In [1]:
sc

<pyspark.context.SparkContext at 0x7fbf710bf790>

In [2]:
from pyspark.sql import SQLContext
sqlc = SQLContext(sc)

## Random Forests

### Classification

In [6]:
from pyspark.mllib.tree import RandomForest, RandomForestModel
from pyspark.mllib.util import MLUtils

data = MLUtils.loadLibSVMFile(sc, 'sample_libsvm_data.txt')

trainingData, testData = data.randomSplit([0.7, 0.3])

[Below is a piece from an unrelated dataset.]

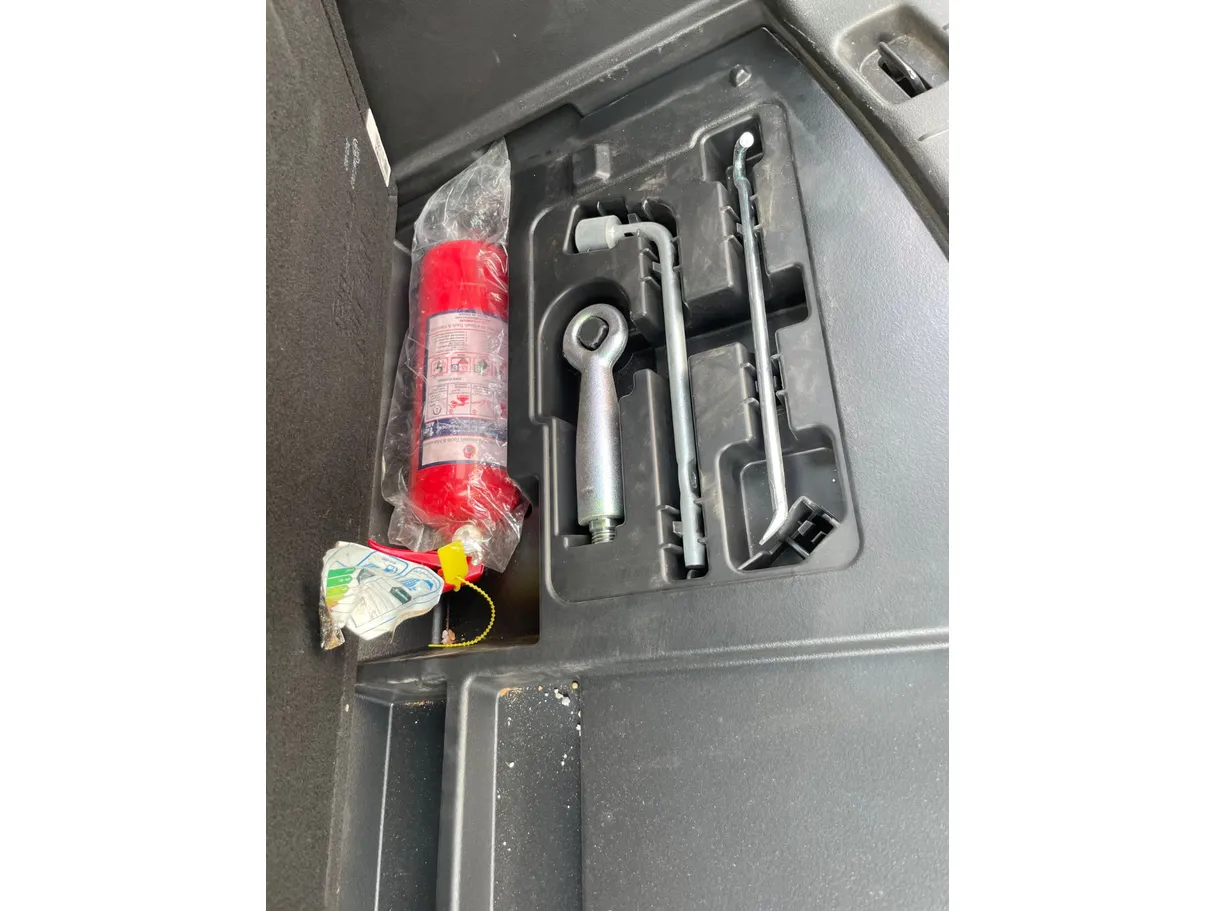Car image 25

labels = testData.map(lambda x: x.label)
features = testData.map(lambda x: x.features)

In [7]:
model = RandomForest.trainClassifier(trainingData, 
                                     numClasses=2, 
                                     categoricalFeaturesInfo={},
                                     numTrees=3, 
                                     featureSubsetStrategy="auto",
                                     impurity='gini', 
                                     maxDepth=4, 
                                     maxBins=32)

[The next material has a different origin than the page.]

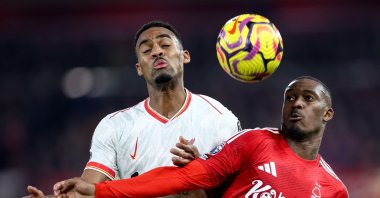 Liverpool&#039;s Ryan Gravenberch (L) in action against Callum Hudson-Odoi of Nottingham (R) during a Premier League match, in Nottingham, U.K., Jan. 14, 2025. (EPA Photo)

print(model.toDebugString())

TreeEnsembleModel classifier with 3 trees

  Tree 0:
    If (feature 412 <= 0.0)
     If (feature 378 <= 0.0)
      Predict: 0.0
     Else (feature 378 > 0.0)
      Predict: 1.0
    Else (feature 412 > 0.0)
     Predict: 0.0
  Tree 1:
    If (feature 490 <= 31.0)
     If (feature 549 <= 253.0)
      Predict: 0.0
     Else (feature 549 > 253.0)
      Predict: 1.0
    Else (feature 490 > 31.0)
     Predict: 1.0
  Tree 2:
    If (feature 462 <= 0.0)
     If (feature 549 <= 253.0)
      Predict: 0.0
     Else (feature 549 > 253.0)
      Predict: 1.0
    Else (feature 462 > 0.0)
     Predict: 1.0



In [8]:
predictions = model.predict(features)

labelsAndPredictions = labels.zip(predictions)

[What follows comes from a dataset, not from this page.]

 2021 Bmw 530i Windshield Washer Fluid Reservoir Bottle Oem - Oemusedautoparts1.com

testErr = labelsAndPredictions.filter(lambda (v, p): v != p).count() / float(testData.count())
print('Test Error = ' + str(testErr))

Test Error = 0.0


### Regression

In [9]:
model = RandomForest.trainRegressor(trainingData, 
                                    categoricalFeaturesInfo={},
                                    numTrees=3, 
                                    featureSubsetStrategy="auto",
                                    impurity='variance', 
                                    maxDepth=4, 
                                    maxBins=32)

print(model.toDebugString())

TreeEnsembleModel regressor with 3 trees

  Tree 0:
    If (feature 406 <= 72.0)
     If (feature 293 <= 253.0)
      Predict: 0.0
     Else (feature 293 > 253.0)
      Predict: 1.0
    Else (feature 406 > 72.0)
     Predict: 1.0
  Tree 1:
    If (feature 540 <= 41.0)
     Predict: 1.0
    Else (feature 540 > 41.0)
     Predict: 0.0
  Tree 2:
    If (feature 540 <= 65.0)
     Predict: 1.0
    Else (feature 540 > 65.0)
     Predict: 0.0



In [11]:
predictions = model.predict(features)

labelsAndPredictions = labels.zip(predictions)

testMSE = labelsAndPredictions.map(lambda (v, p): (v - p) * (v - p)).sum() / float(testData.count())
print('Test Mean Squared Error = ' + str(testMSE))

Test Mean Squared Error = 0.0292397660819